What the task requires:
Output every record exactly, apart from its images.

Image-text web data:
..............................
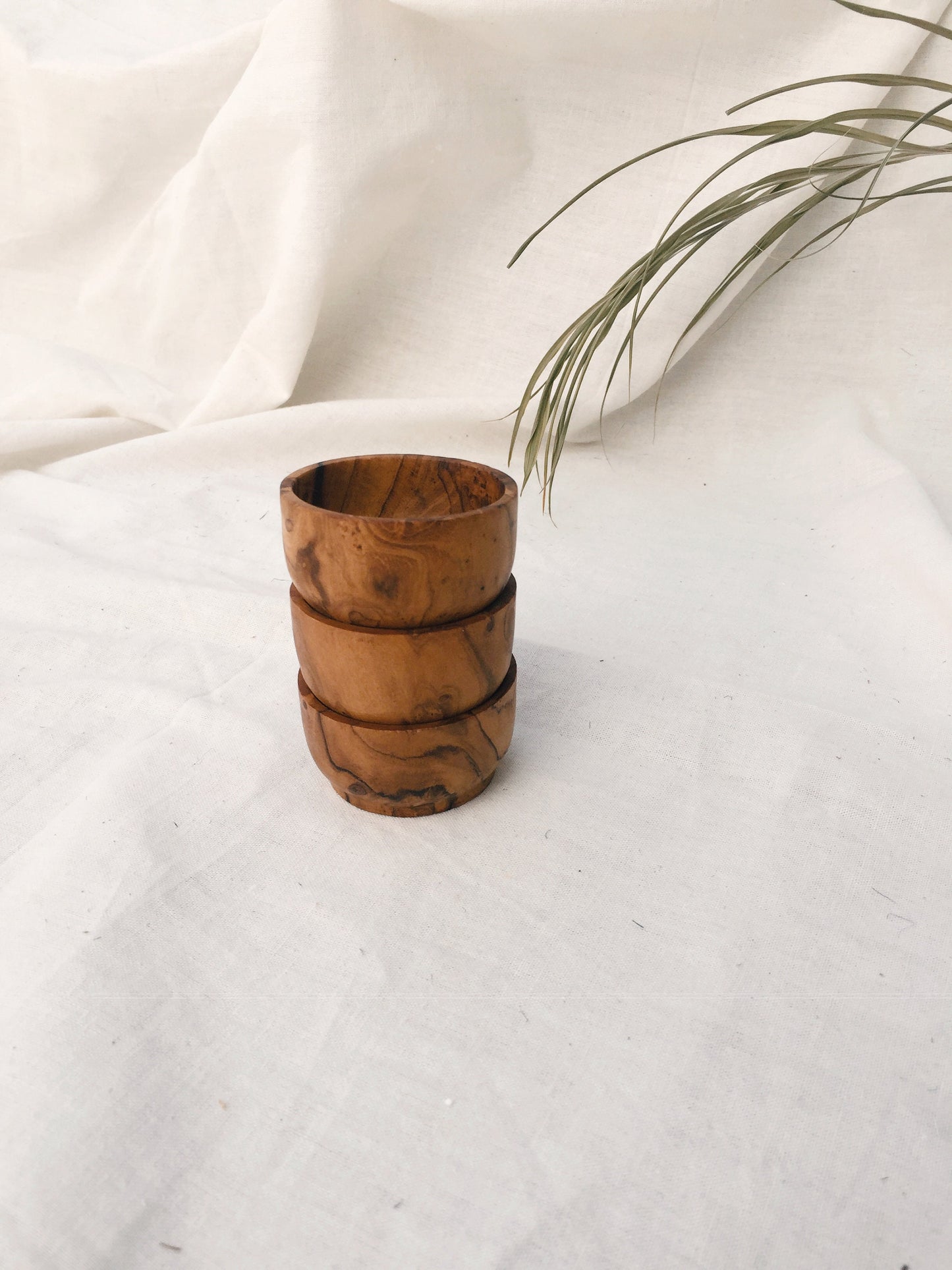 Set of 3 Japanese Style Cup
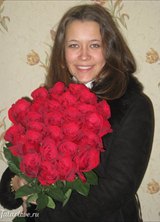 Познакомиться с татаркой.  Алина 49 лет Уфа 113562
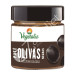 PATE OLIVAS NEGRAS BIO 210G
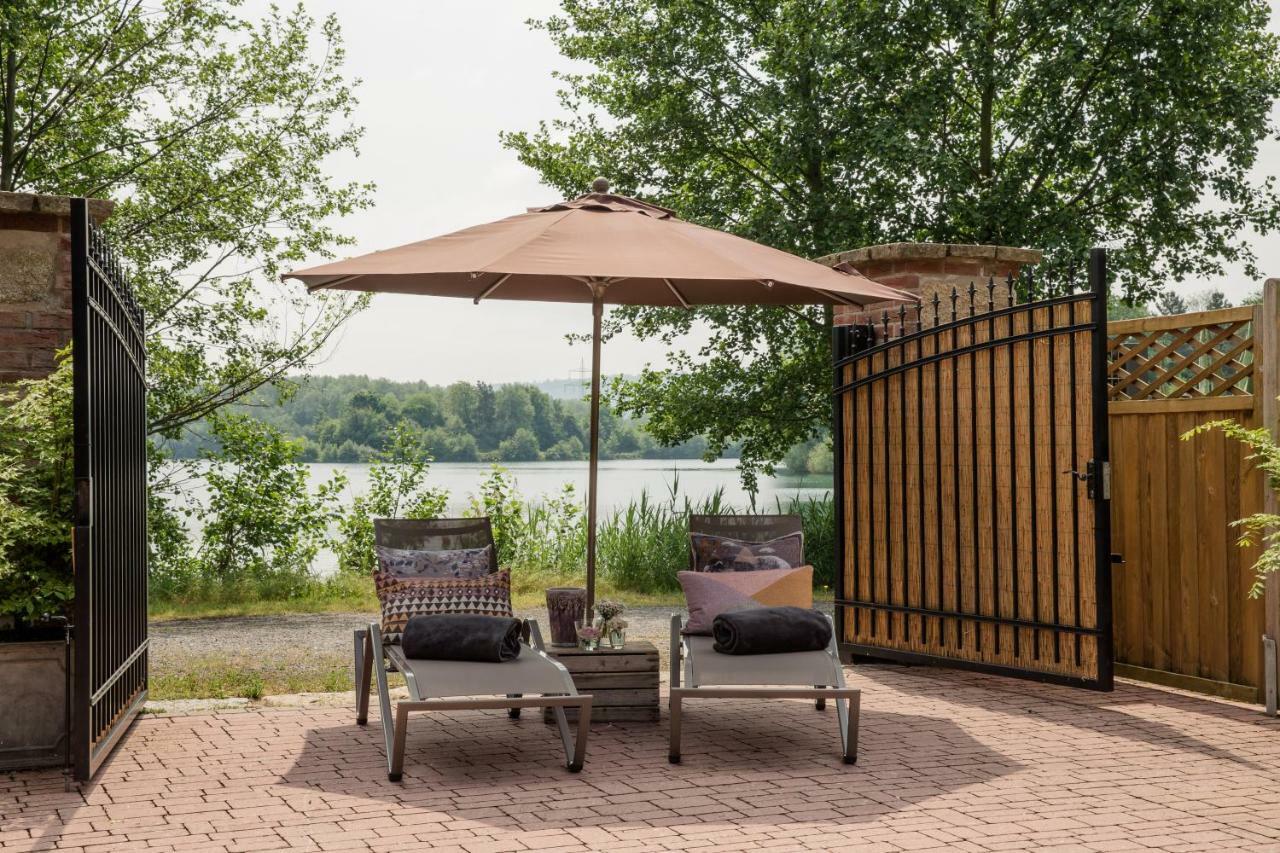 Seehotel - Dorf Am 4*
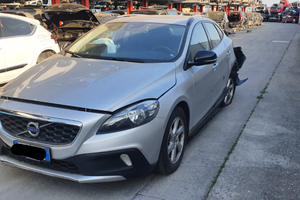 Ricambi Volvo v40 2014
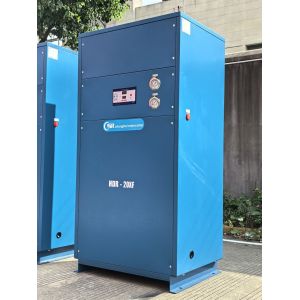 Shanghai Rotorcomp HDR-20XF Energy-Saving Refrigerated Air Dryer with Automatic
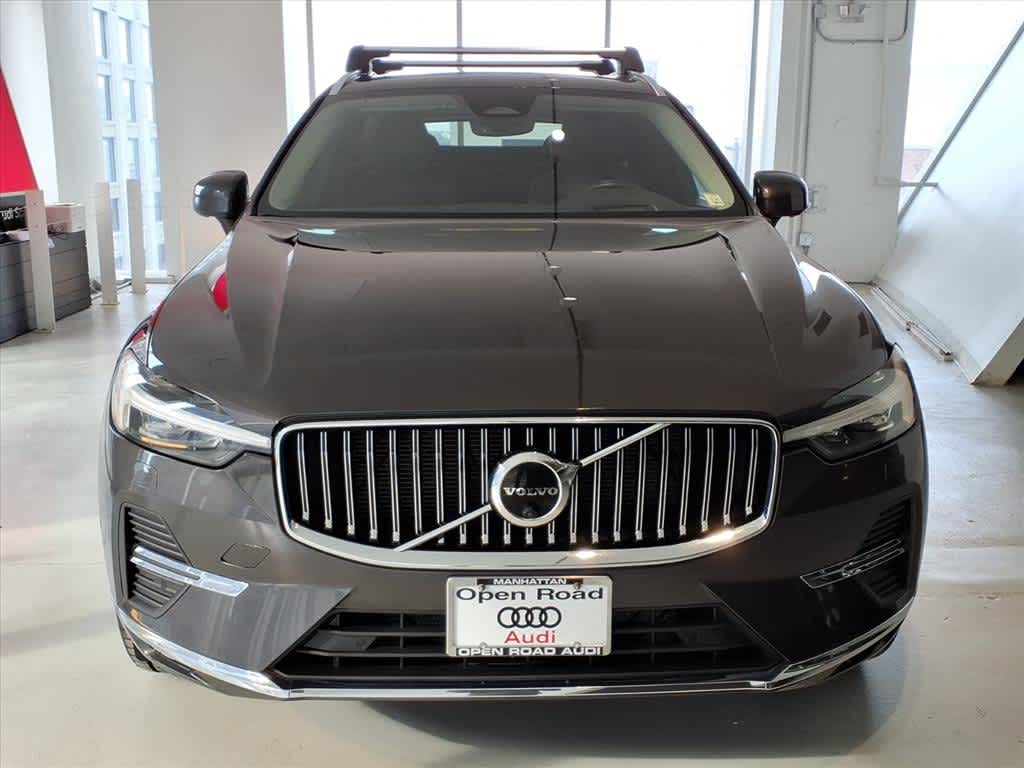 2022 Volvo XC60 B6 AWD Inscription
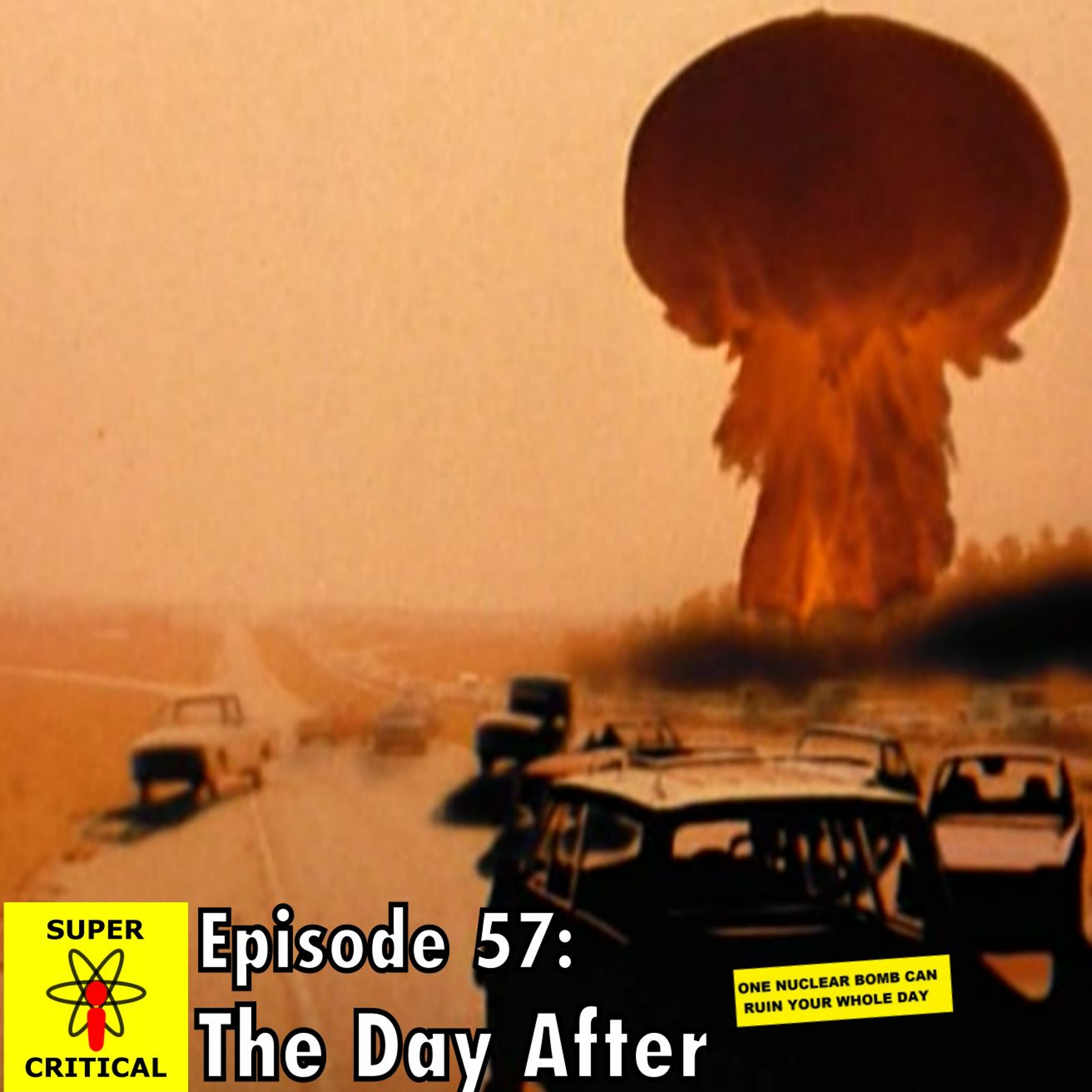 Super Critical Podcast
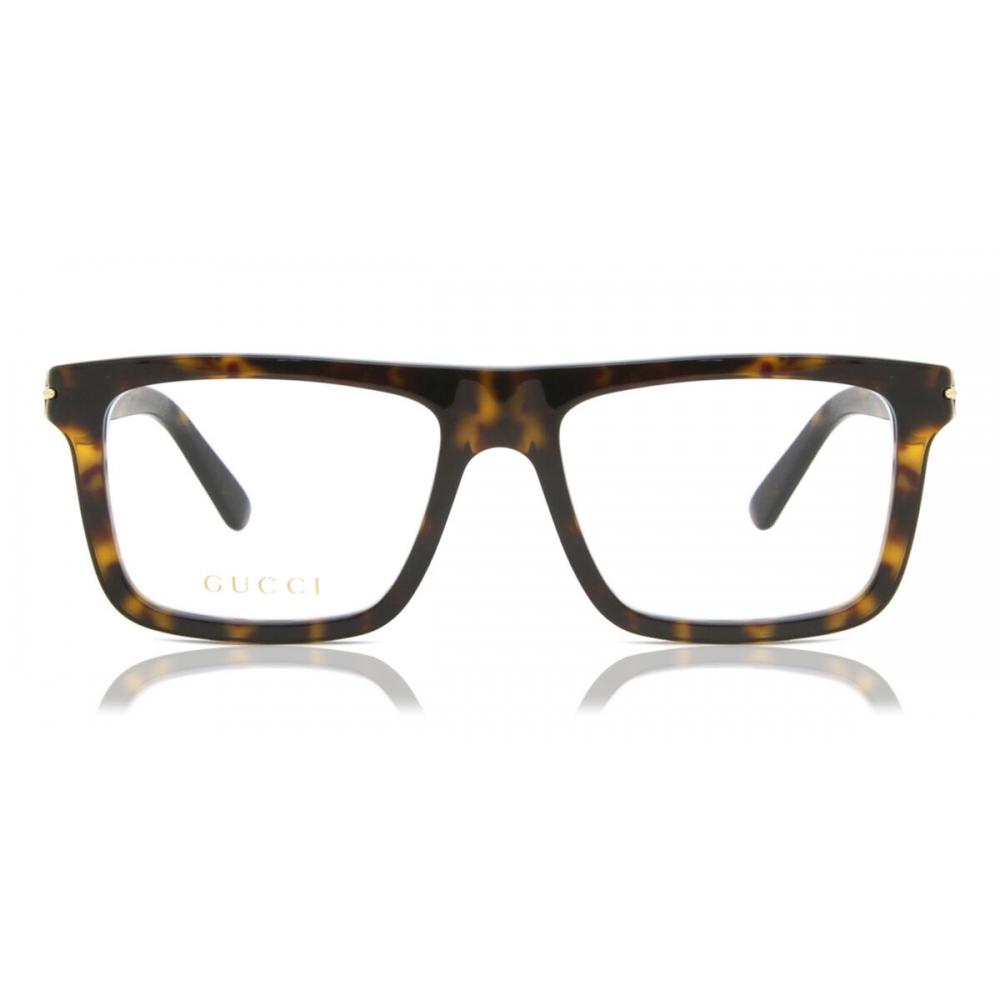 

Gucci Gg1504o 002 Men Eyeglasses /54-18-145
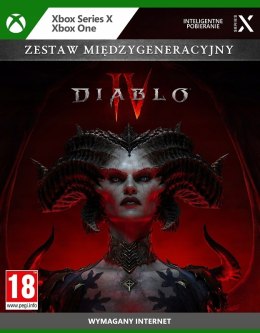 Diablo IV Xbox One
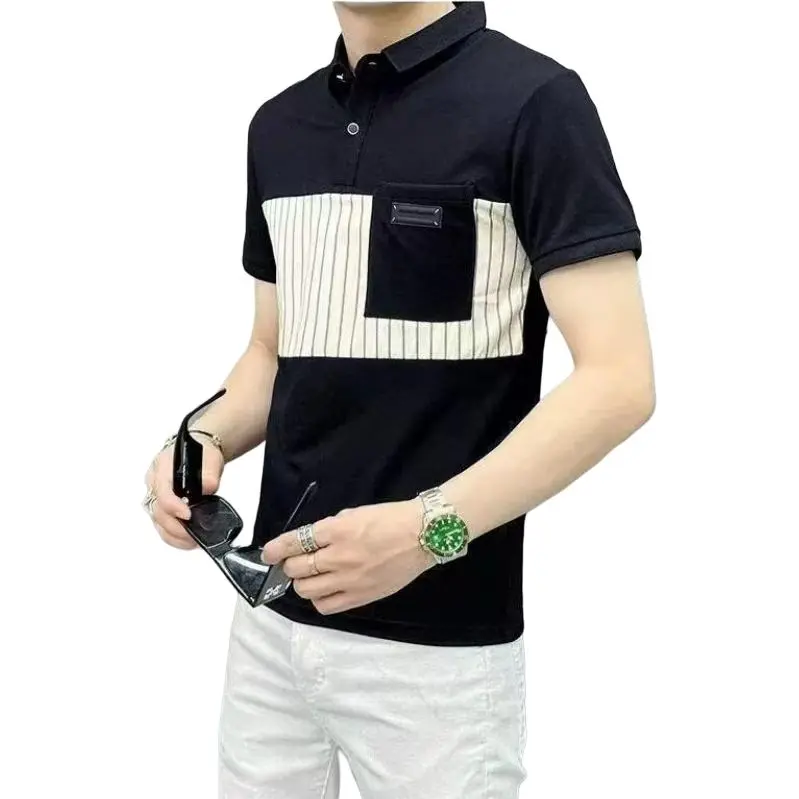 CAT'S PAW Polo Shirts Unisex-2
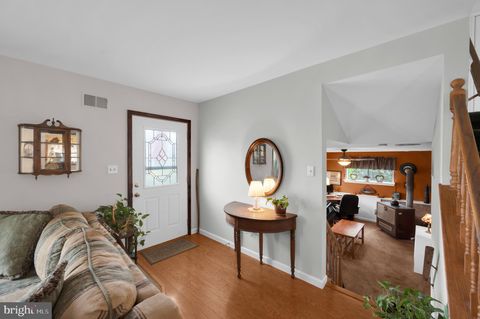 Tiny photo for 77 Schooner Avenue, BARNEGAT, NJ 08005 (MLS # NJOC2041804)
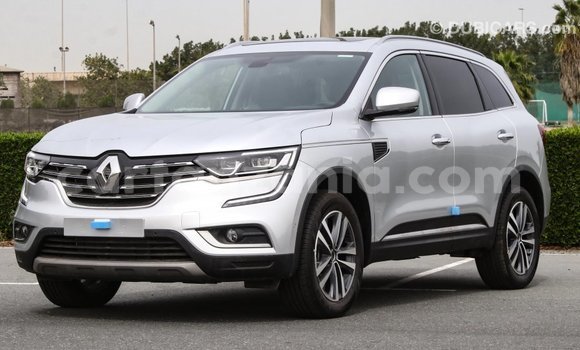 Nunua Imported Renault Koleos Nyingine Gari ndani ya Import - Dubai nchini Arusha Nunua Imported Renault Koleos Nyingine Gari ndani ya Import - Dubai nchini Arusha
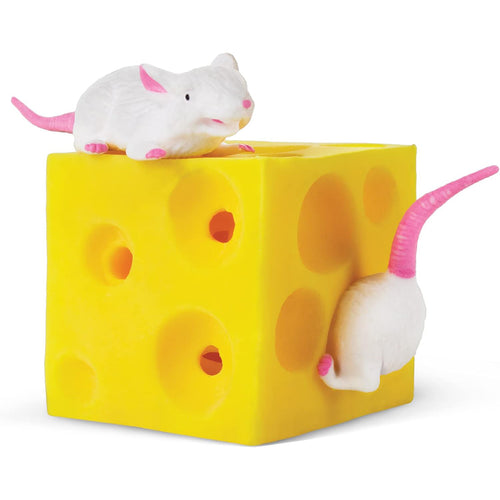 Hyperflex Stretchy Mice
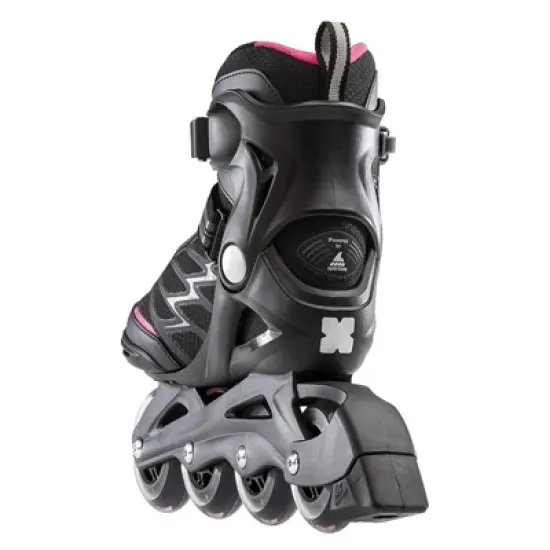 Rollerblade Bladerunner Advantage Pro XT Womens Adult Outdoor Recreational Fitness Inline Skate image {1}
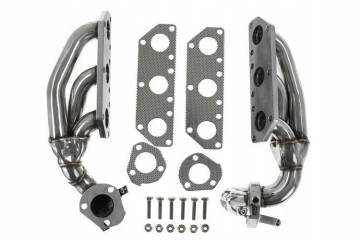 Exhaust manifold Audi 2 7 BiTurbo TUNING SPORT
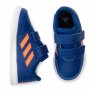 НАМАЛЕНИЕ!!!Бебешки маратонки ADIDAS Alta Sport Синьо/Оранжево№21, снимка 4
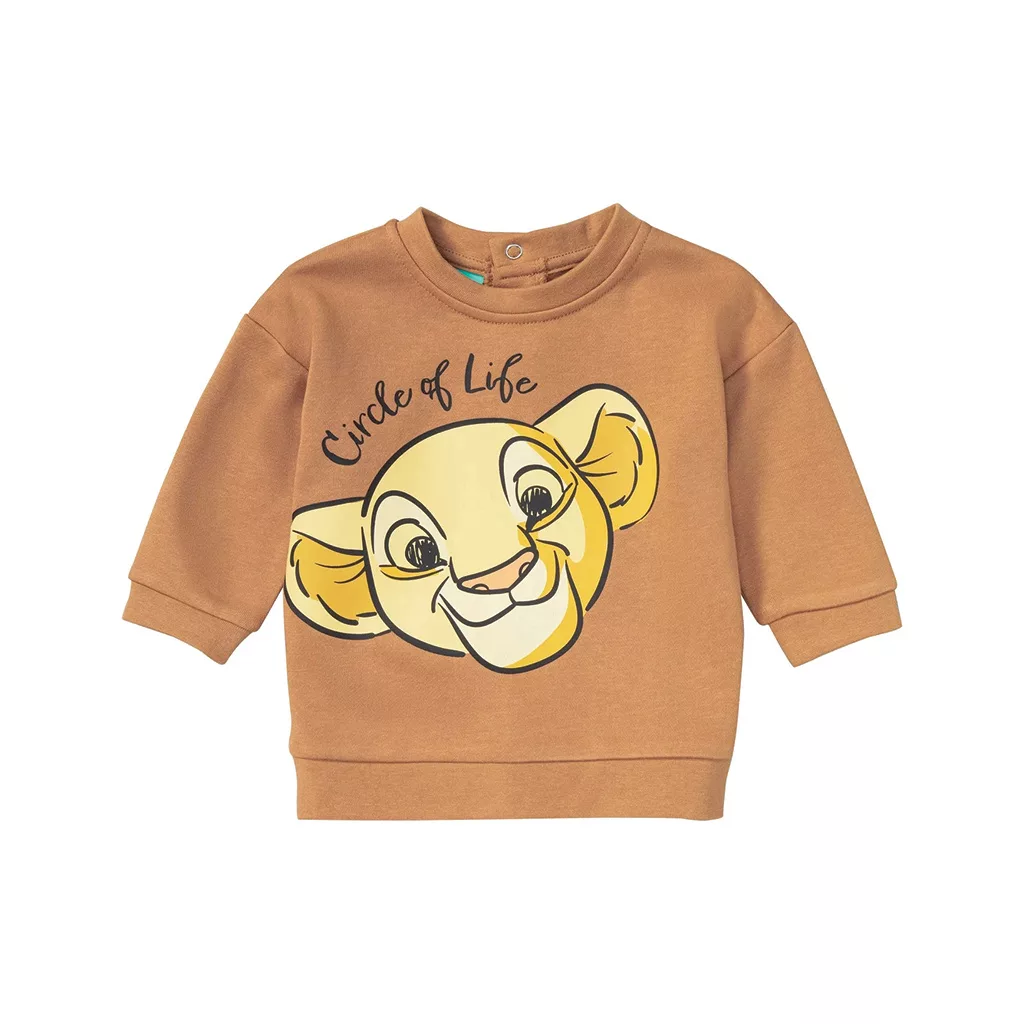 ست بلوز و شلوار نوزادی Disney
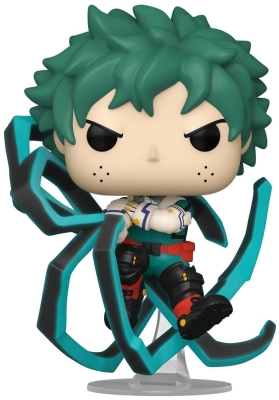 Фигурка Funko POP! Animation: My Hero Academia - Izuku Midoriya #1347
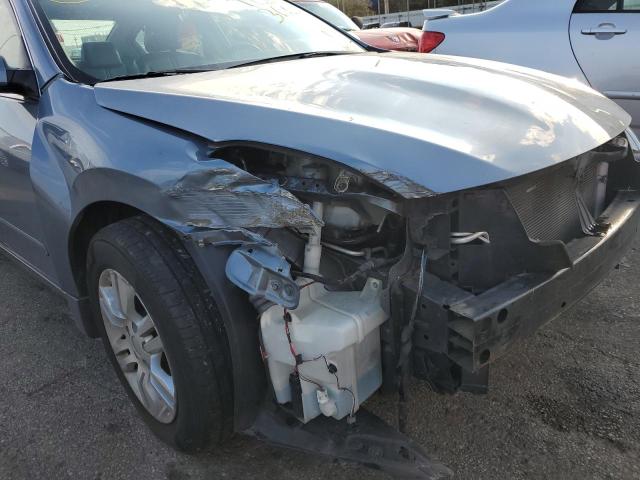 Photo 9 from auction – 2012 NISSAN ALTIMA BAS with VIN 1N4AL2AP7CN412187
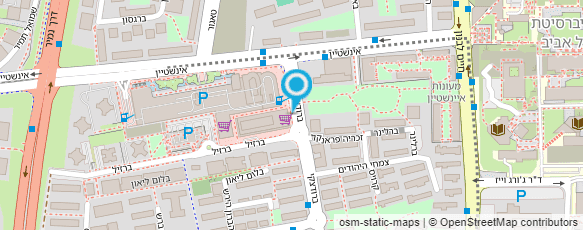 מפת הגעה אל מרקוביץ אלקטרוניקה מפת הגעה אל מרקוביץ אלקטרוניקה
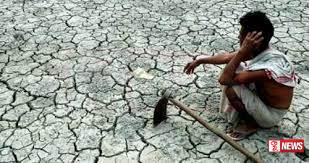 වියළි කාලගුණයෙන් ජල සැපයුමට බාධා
..............................
Your response:
 Set of 3 Japanese Style Cup
 Познакомиться с татаркой.  Алина 49 лет Уфа 113562
 PATE OLIVAS NEGRAS BIO 210G
 Seehotel - Dorf Am 4*
 Ricambi Volvo v40 2014
 Shanghai Rotorcomp HDR-20XF Energy-Saving Refrigerated Air Dryer with Automatic
 2022 Volvo XC60 B6 AWD Inscription
 Super Critical Podcast

Gucci Gg1504o 002 Men Eyeglasses /54-18-145
 Diablo IV Xbox One
 CAT'S PAW Polo Shirts Unisex-2
 Tiny photo for 77 Schooner Avenue, BARNEGAT, NJ 08005 (MLS # NJOC2041804)
 Nunua Imported Renault Koleos Nyingine Gari ndani ya Import - Dubai nchini Arusha Nunua Imported Renault Koleos Nyingine Gari ndani ya Import - Dubai nchini Arusha
 Hyperflex Stretchy Mice
 Rollerblade Bladerunner Advantage Pro XT Womens Adult Outdoor Recreational Fitness Inline Skate image {1}
 Exhaust manifold Audi 2 7 BiTurbo TUNING SPORT
 НАМАЛЕНИЕ!!!Бебешки маратонки ADIDAS Alta Sport Синьо/Оранжево№21, снимка 4
 ست بلوز و شلوار نوزادی Disney
 Фигурка Funko POP! Animation: My Hero Academia - Izuku Midoriya #1347
 Photo 9 from auction – 2012 NISSAN ALTIMA BAS with VIN 1N4AL2AP7CN412187
 מפת הגעה אל מרקוביץ אלקטרוניקה מפת הגעה אל מרקוביץ אלקטרוניקה
 වියළි කාලගුණයෙන් ජල සැපයුමට බාධා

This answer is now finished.